Companies in the MSCI emerging index will boost profits 29 percent in the next year, topping 28 percent growth for MSCI World companies, according to more than 5,000 analysts’ estimates compiled by Bloomberg. Emerging-market companies are also finding better opportunities to reinvest their earnings, producing a return on equity of 14.8 percent, compared with 10.2 percent in the developed world, according to Morgan Stanley.
“The major fundamental reason to expect further outperformance of emerging-market equities versus developed-market equities is the superior return on equity,” Jonathan Garner, the chief Asian and emerging-market strategist at New York-based Morgan Stanley, wrote in an Aug. 25 research note. He estimates the MSCI emerging index will extend its gain over the MSCI World this year to as much as 20 percentage points from about 5 percentage points as of yesterday.
The only time during the past decade that emerging-market shares were valued at premium price-earnings ratios to developed markets was the 10-month period ended May 2008, just before credit markets froze and spurred a collapse in global equity prices, data compiled by Bloomberg show. The MSCI emerging index has traded at an average discount of about 30 percent to the MSCI World index during the past 10 years, the data show.
The MSCI emerging gauge underperformed advanced-nation shares during times of financial stress that sparked global losses during the past two decades including Latin America’s “Tequila Crisis” in 1994 after Mexico’s peso devaluation and Russia’s default on $40 billion of debt in 1998. The peak-to-trough drop in the emerging-market index was 12 percentage points bigger on average during the six retreats, according to data compiled by Bloomberg.

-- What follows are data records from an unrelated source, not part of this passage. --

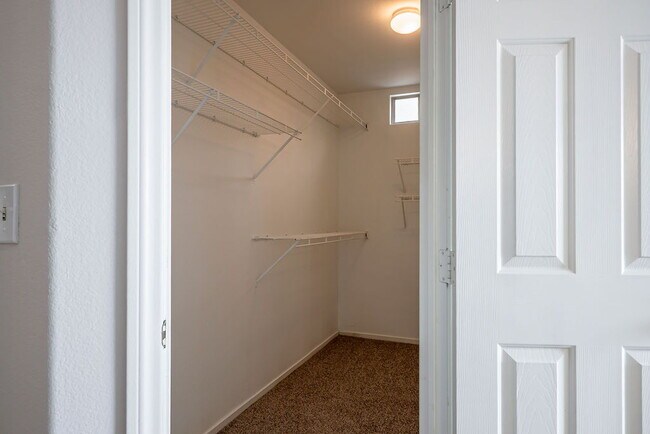 Building Photo - "Charming 3-Bedroom Oasis on Akamine Ave – Spacious 1702 Sq. Ft. with 2 Full Baths!"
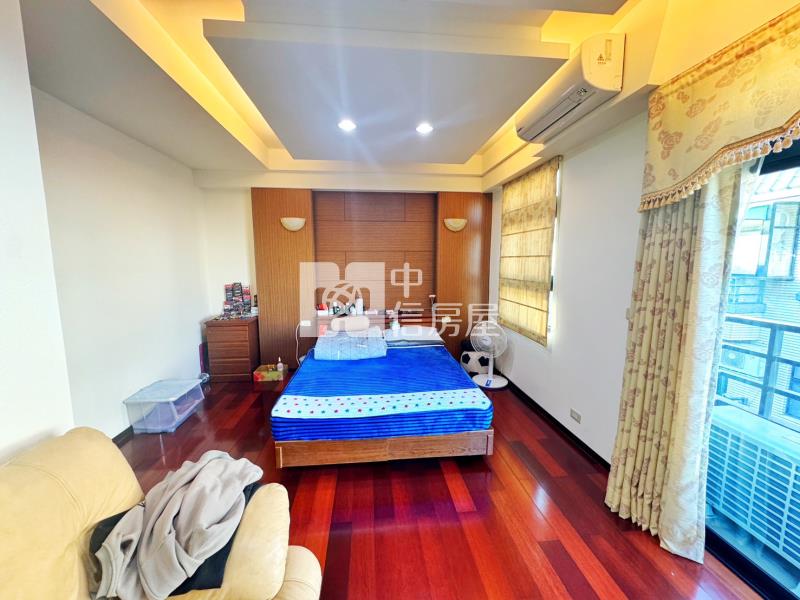 【安家】專任-龍岡忠貞四房車庫雙車美別墅房屋室內格局與周邊環境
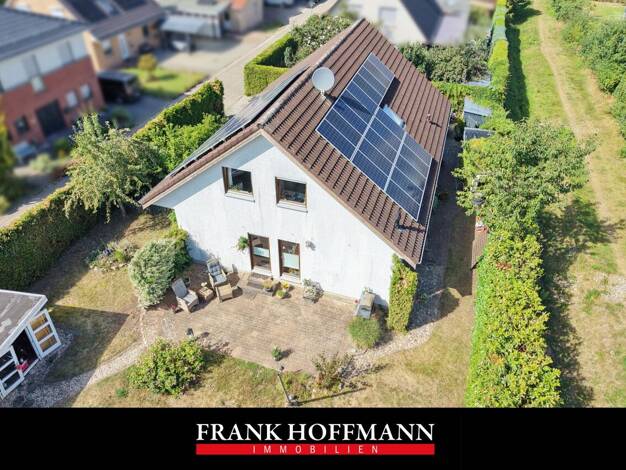 Einfamilienhaus zum Kauf 670.000 € 7,5 Zimmer 180,3 m² 518 m² Grundstück Kölln-Reisiek 25337
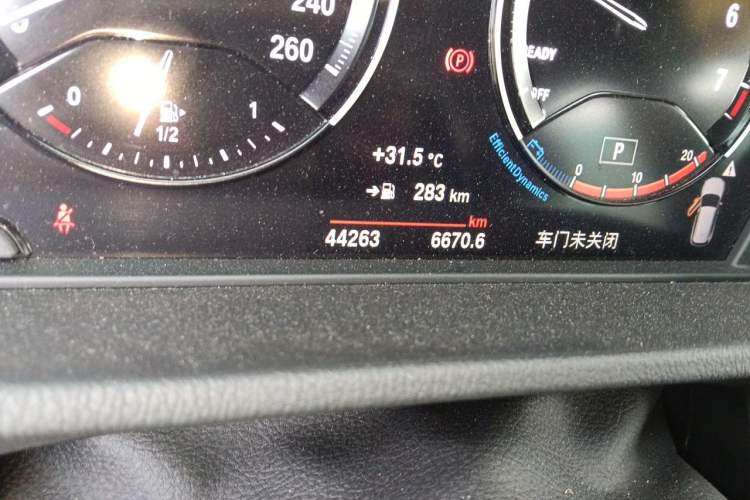 Used BMW X1 2021 sDrive25Li Leading Model Odometer Close Up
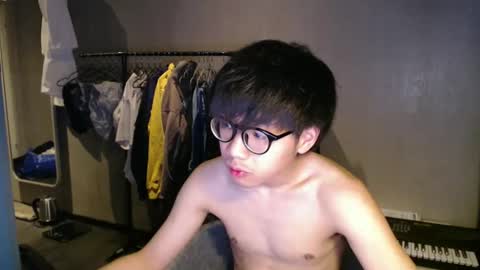 handsome_mannn online show from April 28, 7:07 pm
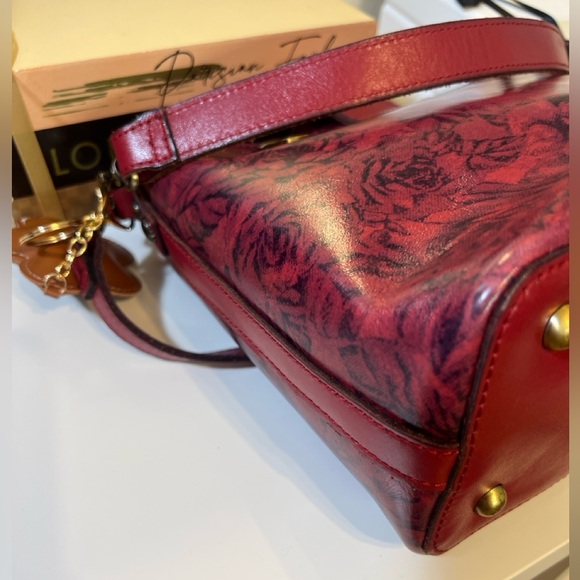 🌹 PATRICIA NASH leather burgundy roses flap buckle Crossbody shoulder bag - Picture 8 of 15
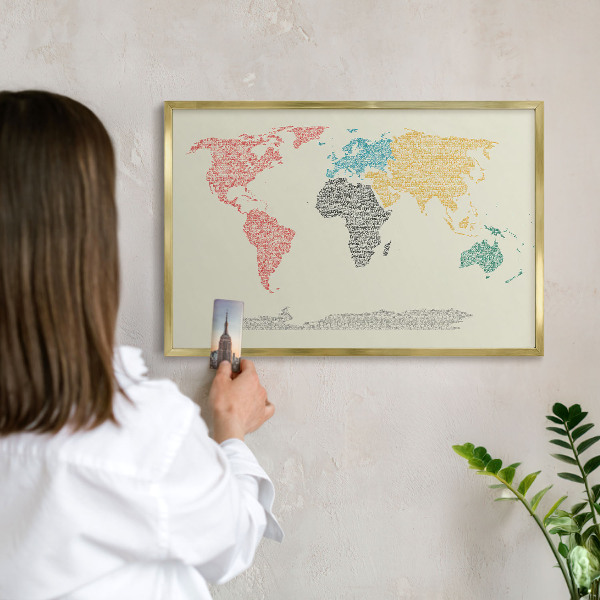Lavagna per calamite delle vacanze con cornice dorata Mappa del mondo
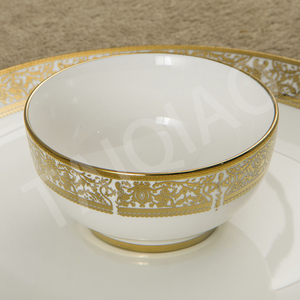 Collection de <span class=keywords><strong>vaisselle</strong></span> à rebord <span class=keywords><strong>doré</strong></span> en porcelaine fine TQ Set d'assiettes à dîner en céramique <span class=keywords><strong>blanche</strong></span> de luxe en relief Golden Edge Design <span class=keywords><strong>Vaisselle</strong></span> - Product Image 4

“You would want to see emerging markets handle not just one economic cycle, but several economic cycles, and see some of these gains cemented into place before you can talk about a structural premium,” Stefan Hofer, an emerging-markets equity strategist in Zurich at Bank Julius Baer & Co., which oversees about $160 billion worldwide, said in an interview.
The MSCI emerging gauge’s price-earnings ratio is still 22 percent below its level of 18 in October 2007, when the index hit an all-time high, according to data compiled by Bloomberg. The gauge is valued at 11 times analysts’ earnings estimates for the next 12 months, compared with 11.7 for the MSCI World index, the data show.
Templeton Asset Management Ltd.’s Mark Mobius said in an interview with Bloomberg Radio on Aug. 20 that he’s “very, very confident” buying emerging-market equities because of faster economic growth and lower debt levels than advanced nations.
Mobius, who oversees about $34 billion in developing countries, said his biggest holdings are Brazilian shares including Sao Paulo-based BRF - Brasil Foods SA, a processor of poultry, pasta and soybeans. The stock trades at 51 times reported earnings, and analysts predict profits will climb 76 percent next year, according to data compiled by Bloomberg. The valuation compares with a price-earnings ratio of 13 for Omaha-based ConAgra Foods Inc., which is forecast to boost profits by about 9 percent, the data show.
China Dongxiang Group Co., a Hong Kong-based sportswear retailer, is a top pick at Morgan Stanley. The shares trade for 13.4 times reported profits, compared with 10.3 times for New York-based Jones Apparel Group Inc. Dongxiang Group’s projected annual growth rate of 14 percent during the next three to five years compares with the 9 percent forecast for Jones Apparel, according to analysts’ estimates compiled by Bloomberg.
“In emerging markets, valuations are getting rich because you know the long-term story is very strong,” Frederick Searby, a New York-based Latin America equity strategist at Deutsche Bank, said in an interview. “The growth prospects are much better.”